The criminal justice reform movement has made tremendous progress on reducing drug sentences at the local, state and federal levels. The trend toward tougher penalties for fentanyl presents a threat to the reform movement, undercutting initiatives to reduce mass criminalization and incarceration. To date, none of the states that enacted harsher penalties for fentanyl, nor the federal government, have demonstrated a reduction in fentanyl-involved deaths because of these new laws.

In this context, the criminal justice reform movement must do more to combat punitive proposals, putting as much energy into challenging the exceptionalism around fentanyl as other efforts to reduce sentences.

This paper aims to shine a light on the danger that harsh fentanyl penalties present to the criminal justice reform movement and efforts to end the war on drugs:

  1. Harsh penalties for fentanyl are detrimental to public health and exacerbate the overdose crisis.
  2. People who use and sell drugs are often unaware of the composition and potency of their drugs and have little control over the quality of product available.
  3. Fentanyl in heroin is increasingly the “new norm” in many parts of the country.
  4. Lawmakers may believe they are addressing an issue that may pass with time, but fentanyl is no passing trend.
  5. There are already harsh penalties in effect for fentanyl and they disproportionately target communities of color.
  6. Differentiating between people who use and sell drugs is not possible.
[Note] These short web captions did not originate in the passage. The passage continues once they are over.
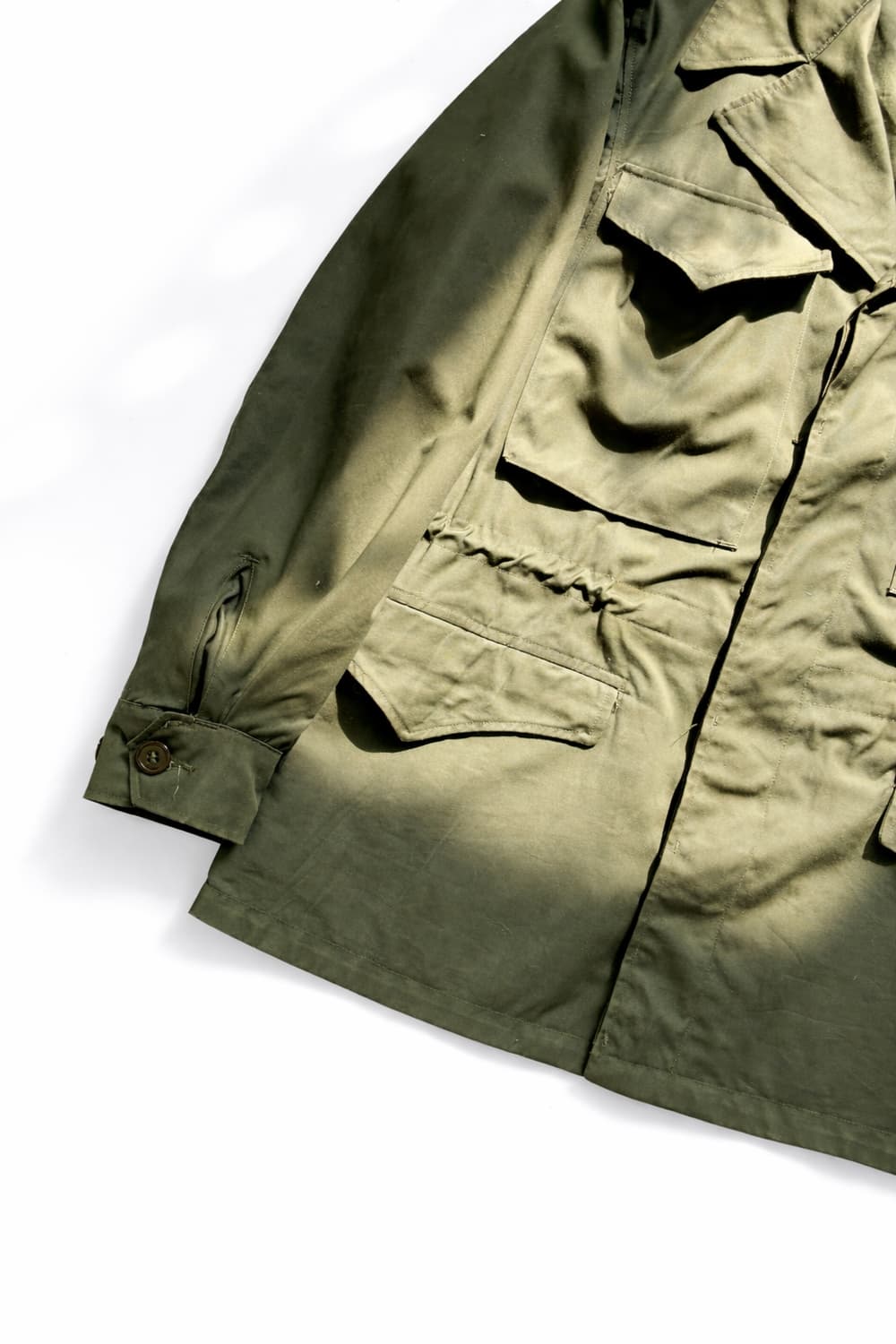 50s 미군 M-50 필드 자켓 S-R 데드스탁 상품이미지5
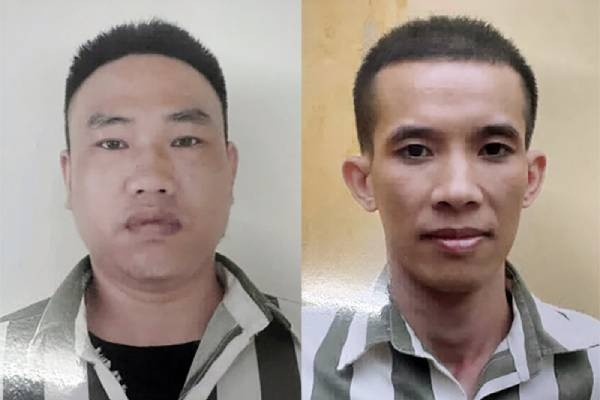 Da bat duoc 2 pham nhan tron trai hinh anh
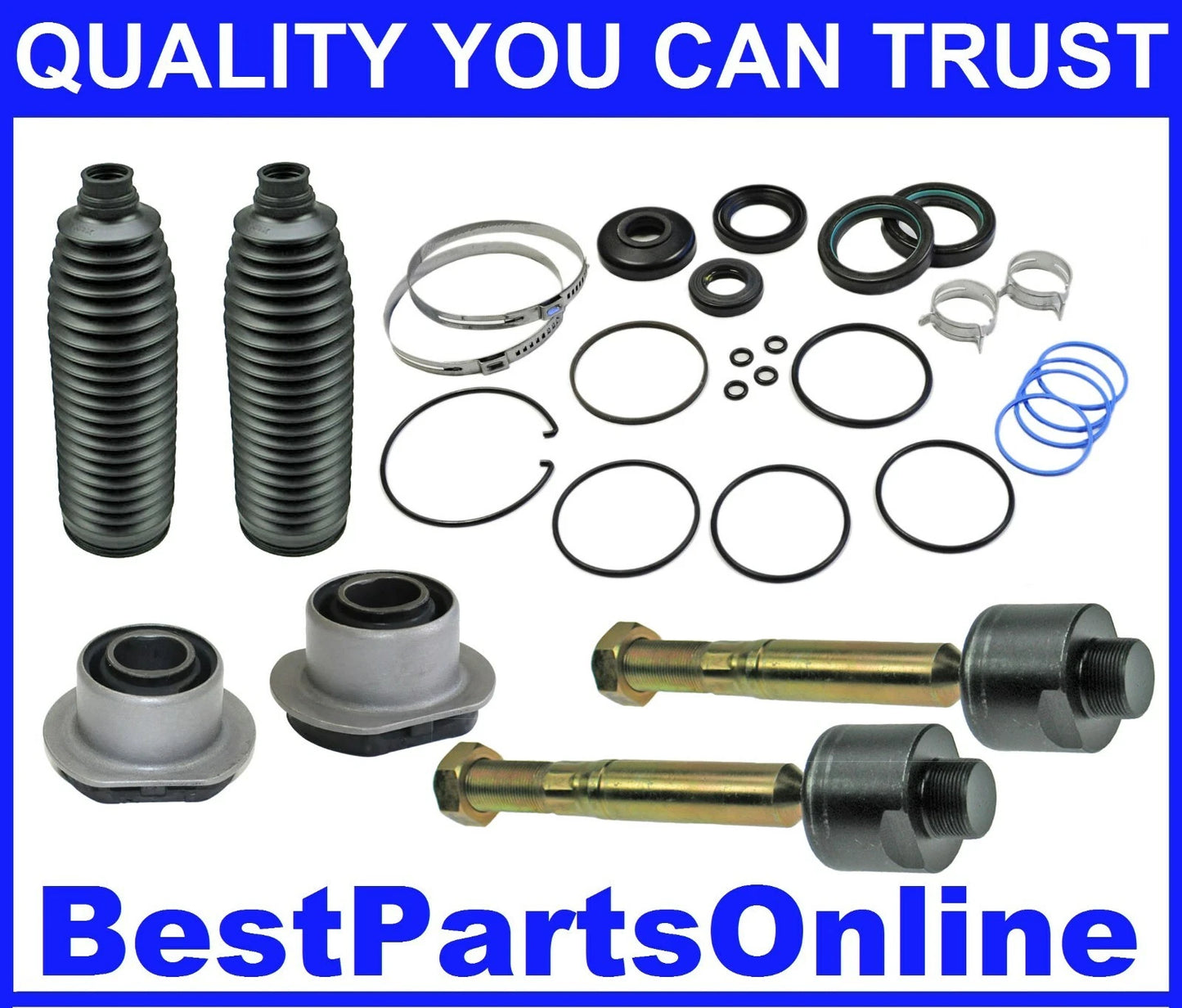 Rack and Pinion Repair/Rebuild for Toyota Tundra/Sequoia (2007–2018)
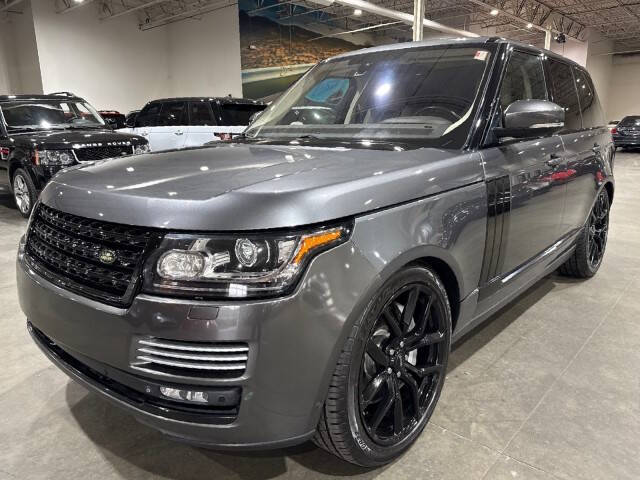 2015 Land Rover Range Rover Supercharged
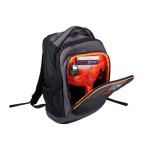 Flight Outfitters Padded Aviator Travel Backpack - Black/Gray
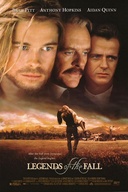 Affiche du film Légendes d'automne
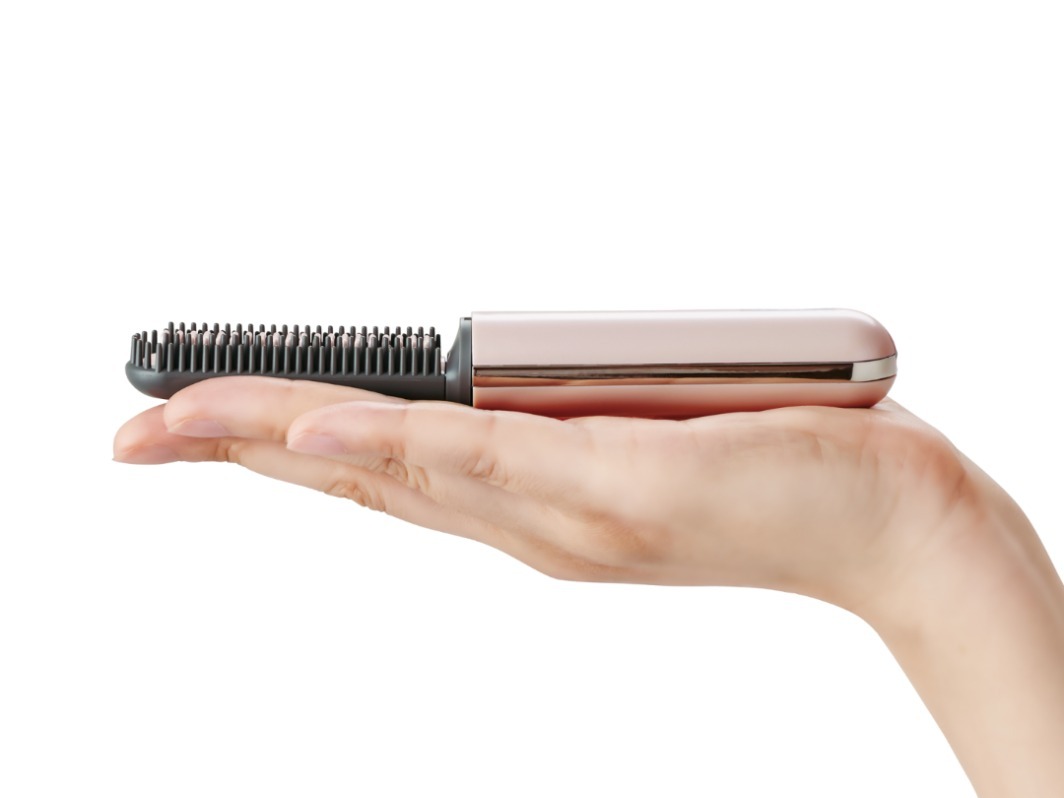 現 貨丨可拆電 KOIZUMI 第二代 無線溫控可拆式電池迷你瀏海捲髮梳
The most effective ways to address the fentanyl crisis are evidence-based public health and harm reduction approaches. We recommend that policy makers and advocates focus their efforts to promote the following:

  1. Expand and protect 911 Good Samaritan laws,
  2. Expand community-based naloxone access and distribution,
  3. Expand Opioid Agonist Treatment (OAT),
  4. Improve drug checking, surveillance and data collection and make them more widely accessible,
  5. Authorize supervised consumption sites (SCS)c on the state and local level,
  6. Fund pilot injectable opioid treatment as an option for some people with chronic heroin use disorder.

For lawmakers to respond meaningfully to fentanyl, public health solutions are a much more viable and affordable approach without additional harsh penalties and further criminalization. The criminalization of drug use only drives people who use drugs into more dangerous situations. This makes it less likely that they will seek support; rather it makes it more likely that they will suffer a fatal overdose.

Advocates have made considerable gains in promoting criminal justice reforms to address the many collateral consequences of our failed war on drugs. While the criminal justice reform, treatment and harm reduction movements have many victories to celebrate, there is a real risk that the proliferation of harsh penalties for fentanyl will lead to an increase in the prison population, subverting the fight to end mass incarceration.